空欄部分の記入では、曖昧な表現を避けて具体的な内容を記載してください。特に損害額の計算は慎重に行い、将来的な追加費用も考慮して適切な金額を設定することをお勧めします。
三者間の話し合いでは、それぞれの責任の範囲を明確にし、支払い分担についても事前に十分協議しておきましょう。また、再発防止策についても実現可能で具体的な内容を盛り込むことで、より実効性の高い示談書にすることができます。
【5】この文書を利用するメリット
この示談書を利用する最大のメリットは、三者間の複雑な責任関係を整理し、公平で包括的な解決を図れることです。被害者にとっては確実な損害回復が期待でき、自治体や建設会社にとっても将来的なリスクを明確化できる利点があります。
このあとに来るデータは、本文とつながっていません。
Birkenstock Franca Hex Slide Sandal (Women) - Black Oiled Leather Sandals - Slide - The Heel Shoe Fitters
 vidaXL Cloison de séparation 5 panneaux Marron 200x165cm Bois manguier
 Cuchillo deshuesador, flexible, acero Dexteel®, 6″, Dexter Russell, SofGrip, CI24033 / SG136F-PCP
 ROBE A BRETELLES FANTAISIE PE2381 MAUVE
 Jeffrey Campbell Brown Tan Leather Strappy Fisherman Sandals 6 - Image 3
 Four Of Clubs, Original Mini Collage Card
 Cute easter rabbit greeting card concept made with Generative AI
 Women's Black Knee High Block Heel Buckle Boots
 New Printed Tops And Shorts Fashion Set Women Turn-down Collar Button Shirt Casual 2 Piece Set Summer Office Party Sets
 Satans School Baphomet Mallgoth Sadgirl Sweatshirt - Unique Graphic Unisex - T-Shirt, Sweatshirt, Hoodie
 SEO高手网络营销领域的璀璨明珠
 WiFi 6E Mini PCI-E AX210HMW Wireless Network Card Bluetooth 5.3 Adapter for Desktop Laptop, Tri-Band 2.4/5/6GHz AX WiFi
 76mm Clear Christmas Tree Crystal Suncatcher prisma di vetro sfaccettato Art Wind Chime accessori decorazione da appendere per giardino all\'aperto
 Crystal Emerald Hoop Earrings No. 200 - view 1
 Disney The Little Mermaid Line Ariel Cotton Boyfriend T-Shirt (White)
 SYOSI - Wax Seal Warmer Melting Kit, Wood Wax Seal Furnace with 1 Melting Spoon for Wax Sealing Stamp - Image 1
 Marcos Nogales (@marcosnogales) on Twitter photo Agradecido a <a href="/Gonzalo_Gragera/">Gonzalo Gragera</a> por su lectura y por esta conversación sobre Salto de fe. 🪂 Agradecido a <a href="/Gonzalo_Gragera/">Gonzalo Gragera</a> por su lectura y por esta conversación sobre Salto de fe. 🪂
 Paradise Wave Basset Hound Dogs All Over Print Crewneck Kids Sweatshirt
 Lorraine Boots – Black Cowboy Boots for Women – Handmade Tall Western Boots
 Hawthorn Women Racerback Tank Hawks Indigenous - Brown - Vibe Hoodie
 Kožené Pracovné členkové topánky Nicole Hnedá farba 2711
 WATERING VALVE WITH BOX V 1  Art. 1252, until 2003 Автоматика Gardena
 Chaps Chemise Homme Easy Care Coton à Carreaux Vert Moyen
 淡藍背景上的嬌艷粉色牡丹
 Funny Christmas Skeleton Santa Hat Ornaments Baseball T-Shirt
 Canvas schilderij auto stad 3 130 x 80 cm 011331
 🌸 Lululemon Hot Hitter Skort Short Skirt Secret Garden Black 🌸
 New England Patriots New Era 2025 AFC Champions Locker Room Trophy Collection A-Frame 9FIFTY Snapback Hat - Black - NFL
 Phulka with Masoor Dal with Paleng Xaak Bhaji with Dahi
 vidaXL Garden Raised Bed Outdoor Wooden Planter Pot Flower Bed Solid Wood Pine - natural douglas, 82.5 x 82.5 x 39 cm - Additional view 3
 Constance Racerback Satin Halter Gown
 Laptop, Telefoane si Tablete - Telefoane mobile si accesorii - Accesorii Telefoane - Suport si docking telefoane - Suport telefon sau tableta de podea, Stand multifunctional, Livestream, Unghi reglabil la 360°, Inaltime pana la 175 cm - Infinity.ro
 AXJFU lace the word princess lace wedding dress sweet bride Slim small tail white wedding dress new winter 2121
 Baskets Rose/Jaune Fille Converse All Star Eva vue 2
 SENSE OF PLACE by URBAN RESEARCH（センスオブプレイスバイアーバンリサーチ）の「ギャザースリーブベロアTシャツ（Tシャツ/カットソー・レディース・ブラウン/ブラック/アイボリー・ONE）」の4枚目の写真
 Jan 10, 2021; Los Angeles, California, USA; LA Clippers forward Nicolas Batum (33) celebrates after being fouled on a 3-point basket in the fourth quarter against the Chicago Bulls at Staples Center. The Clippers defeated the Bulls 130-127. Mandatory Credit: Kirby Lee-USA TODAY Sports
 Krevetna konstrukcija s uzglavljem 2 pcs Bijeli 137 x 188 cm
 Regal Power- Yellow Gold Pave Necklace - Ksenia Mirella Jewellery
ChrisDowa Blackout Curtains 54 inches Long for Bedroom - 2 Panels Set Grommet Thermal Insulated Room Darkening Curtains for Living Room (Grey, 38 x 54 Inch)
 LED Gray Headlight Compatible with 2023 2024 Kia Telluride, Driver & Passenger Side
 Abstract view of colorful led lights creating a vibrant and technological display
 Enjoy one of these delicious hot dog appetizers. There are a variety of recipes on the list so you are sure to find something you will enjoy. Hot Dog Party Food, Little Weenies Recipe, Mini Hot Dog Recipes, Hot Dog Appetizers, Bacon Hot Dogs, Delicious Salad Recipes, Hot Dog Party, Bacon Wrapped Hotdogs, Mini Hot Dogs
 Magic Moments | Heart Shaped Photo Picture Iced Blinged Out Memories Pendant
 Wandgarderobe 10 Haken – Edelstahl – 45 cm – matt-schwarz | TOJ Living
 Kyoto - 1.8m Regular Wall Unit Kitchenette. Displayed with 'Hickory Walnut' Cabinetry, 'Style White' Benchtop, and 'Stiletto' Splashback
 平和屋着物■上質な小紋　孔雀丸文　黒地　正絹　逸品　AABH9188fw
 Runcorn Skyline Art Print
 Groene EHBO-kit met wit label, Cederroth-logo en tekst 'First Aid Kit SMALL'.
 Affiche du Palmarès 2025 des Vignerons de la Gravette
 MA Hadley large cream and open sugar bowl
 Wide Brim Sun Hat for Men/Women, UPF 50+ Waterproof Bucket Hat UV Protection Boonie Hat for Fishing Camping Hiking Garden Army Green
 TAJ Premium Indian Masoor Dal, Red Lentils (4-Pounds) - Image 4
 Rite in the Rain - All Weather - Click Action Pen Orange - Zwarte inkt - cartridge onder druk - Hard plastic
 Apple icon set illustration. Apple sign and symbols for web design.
改正民法に対応した最新の内容で作成されているため、現在の制度に適合した安心できる示談書として活用できます。また、追加医療費や後遺障害への対応も織り込まれており、示談後のトラブルを未然に防ぐ効果が期待できます。
Word形式で編集可能なため、個別のケースに応じた細かな調整も簡単に行えます。専門的な知識がなくても、テンプレートの空欄を埋めるだけで適切な示談書を作成できる手軽さも大きなメリットといえるでしょう。